Это именно Погодин выступил с большой статьей «В добрый час!» на следующее же утро после премьеры пьесы «В добрый час!» В. Розова в Центральном детском театре. Это именно Погодин обратил внимание на первые драмы А. Салынского «Братья» и «Опасный спутник», найдя для начинающего литератора обнадеживающие слова: «Это настоящая драма. Это настоящая советская драматургия, где человек показывается в труде, где его страсти, столкновения, горечи, радости сами по себе возникают из его труда».

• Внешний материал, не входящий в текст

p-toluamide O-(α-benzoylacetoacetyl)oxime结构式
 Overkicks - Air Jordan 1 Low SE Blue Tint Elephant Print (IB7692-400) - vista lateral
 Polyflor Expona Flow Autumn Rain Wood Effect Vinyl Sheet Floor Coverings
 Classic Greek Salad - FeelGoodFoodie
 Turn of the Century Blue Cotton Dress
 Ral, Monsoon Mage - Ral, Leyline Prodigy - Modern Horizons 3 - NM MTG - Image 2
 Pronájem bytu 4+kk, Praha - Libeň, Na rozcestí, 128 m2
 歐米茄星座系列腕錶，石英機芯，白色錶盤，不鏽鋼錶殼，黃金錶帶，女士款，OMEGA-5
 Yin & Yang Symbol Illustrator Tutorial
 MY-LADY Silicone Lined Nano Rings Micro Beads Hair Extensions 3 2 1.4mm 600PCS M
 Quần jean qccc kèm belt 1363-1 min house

И для Макаенка Погодин оказался добрым «крестным». Прочитав «Камни в печени», вспоминает Макаенок,— «Николай Федорович срочно выдернул что-то из 10-го номера, вставил мою пьесу». Интересно, отчего он сделал это «срочно», как говорит Макаенок, именно срочно? Пьесу Макаенка Погодин не просто одобрил, он почувствовал в ней животрепещущую, кровную связь с современностью, ощутил поэзию реальных фактов, которые для него, газетчика, каким оставался он всегда в литературе, были и важны, и нужны, и обязательны для создания искусства не просто развлекательного, но движущегося, изменяющего жизнь. «Много говорят,— писал в свое время Погодин,— о связи с жизнью литературы, и значит, самого литератора. Мне это очень нравится потому хотя, что я в душе газетчик и издавна подвержен «культу факта». Но тут я сошлюсь на Горького, на его замечательные слова: «Мысль приходит после факта». «Факт, по мнению Горького, еще не вся правда, он только сырье, из которого следует выплавить, извлечь настоящую правду искусства. Нельзя жарить курицу вместе с перьями, а преклонение перед фактом ведет именно к тому, что у нас смешивают случайное и несущественное с коренным и типическим. Нужно научиться выщипывать несущественное оперение факта, нужно уметь извлекать из факта смысл».
Да, преклонение перед фактом если не губит литературу, как показал документальный, «протокольный», «фактологический» театр последних лет, то, во всяком случае, снижает ее эмоциональность, ее художественное живое воздействие на читателя специфической образной структурой. Но и не замечать силы факта, огромной действенной его роли в современной литературе, герой которой, как правило, человек дела, невозможно. Погодин, несомненно, заметил эту крепкую «фактологическую» основу первой пьесы Макаенка, а заметив, и решил печатать ее срочно, даже специально выбросив ради нее что-то из менее действенных материалов данного журнального номера.